Hass auf Grüne: Wahlplakate in Norderstedt beschmiert

Die Gründe hierfür sieht er nicht unbedingt in Norderstedt, sondern in der Landes- und Bundespolitik, wo die Grünen jeweils mitregieren – und in manchen Kreisen mit ihrer Energiepolitik zum Feindbild geworden sind. „Wir gehen schon relativ lange programmatisch in die Richtung, dass wir in Sachen Klimaschutz deutlich mehr machen müssen.“

Auch die direkten Gespräche, ob an der Haustür oder am Wahlstand, sind unterschiedlich angenehm. „Das geht von ‘Danke für die Informationen’ bis zu „Auf gar keinen Fall’.“ Muckelberg berichtet von einem Erlebnis bei der letzten Landtagswahl, als ihm ein Mann sagte: Die Partei, die er wählen würde, gäbe es nicht mehr. Welche? „Die NSDAP.“

Grüne rechnen mit 20 Prozent Schwund bei den Plakaten

Die Großplakate werden nun ausgetauscht, diese Kosten sind eingepreist, die Partei rechnet hier mit 20 Prozent Schwund in den Wochen bis zur Wahl. Alle Sachbeschädigungen werden zur Anzeige gebracht, bei eindeutigen Beleidigungen gelten die Fälle als politisch motivierte Taten, fließen entsprechend in die Kriminalstatistik ein. „Eigentlich ist das aber nie aufzuklären.“

Logisch, dass die Grünen längst die Sinnfrage stellen. „Ganz ehrlich“, so Marc Muckelberg: „Wir überlegen, ob wir das überhaupt noch machen. Bei der letzten Wahl in Lübeck haben die Grünen gar nicht plakatiert – und hatten ihr bisher bestes Ergebnis.“

In Norderstedt hatte auch die SPD kürzlich einen Fall, bei dem Stadtvertreter Tobias Schloo verunglimpft wurde. „Es war alles schwarz gemalt, und unten stand: AfD“, berichtet die Ortsvorsitzende Katrin Fedrowitz. Die SPD hatte aber sowieso Reserveplakate mitbestellt.
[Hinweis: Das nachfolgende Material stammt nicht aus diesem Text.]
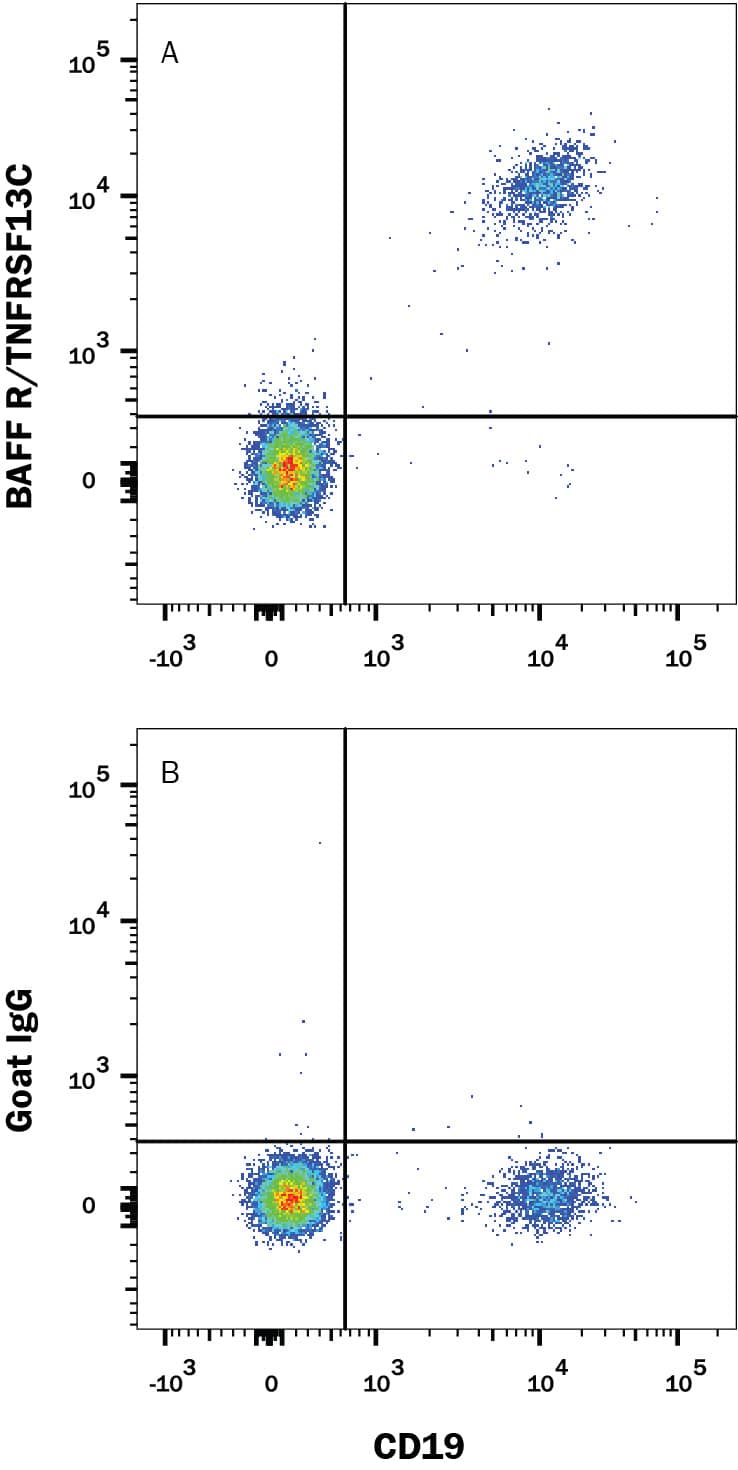 Human peripheral blood mononuclear cells (PBMCs) were stained with Mouse Anti-Human CD19 PE-conjugated Monoclonal Antibody (Catalog # FAB4867P) and either (A) Goat Anti-Human BAFF R/TNFRSF13C APC-conjugated Antigen Affinity-purified Polyclonal Antibody (Catalog # FAB1162A) or (B) Normal Goat IgG Allophycocyanin Control (Catalog # IC108A). View our protocol for Staining Membrane-associated Proteins.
Norderstedt: „In der Vergangenheit teilweise noch heftiger“

„Natürlich muss man sich als Regierungspartei einiges anhören“, so Fedrowitz. „Aber teilweise hatten wir es in der Vergangenheit noch heftiger, dass wir bepöbelt wurden. Und wenn es nicht eindeutig politisch motiviert ist, würde ich sagen, dass es vielleicht Kinder, Jugendliche oder betrunkene Erwachsene sind – auch wenn es trotzdem Sachbeschädigung ist.“

In der Kreisstadt Bad Segeberg war es zuletzt ebenfalls zu diversen vergleichbaren Taten gekommen – und auch hier mehrheitlich zu Lasten der Grünen. „Fuck War“, stand dort zum Beispiel, weitere Großplakate seien verunstaltet und mit Beleidigungen beschmiert worden, berichteten die „Lübecker Nachrichten“. Die Partei sprach von „undemokratischem Verhalten“. Und ein Mitglied lobte sogar eine Belohnung von 1000 Euro aus für Hinweise zu den Tätern.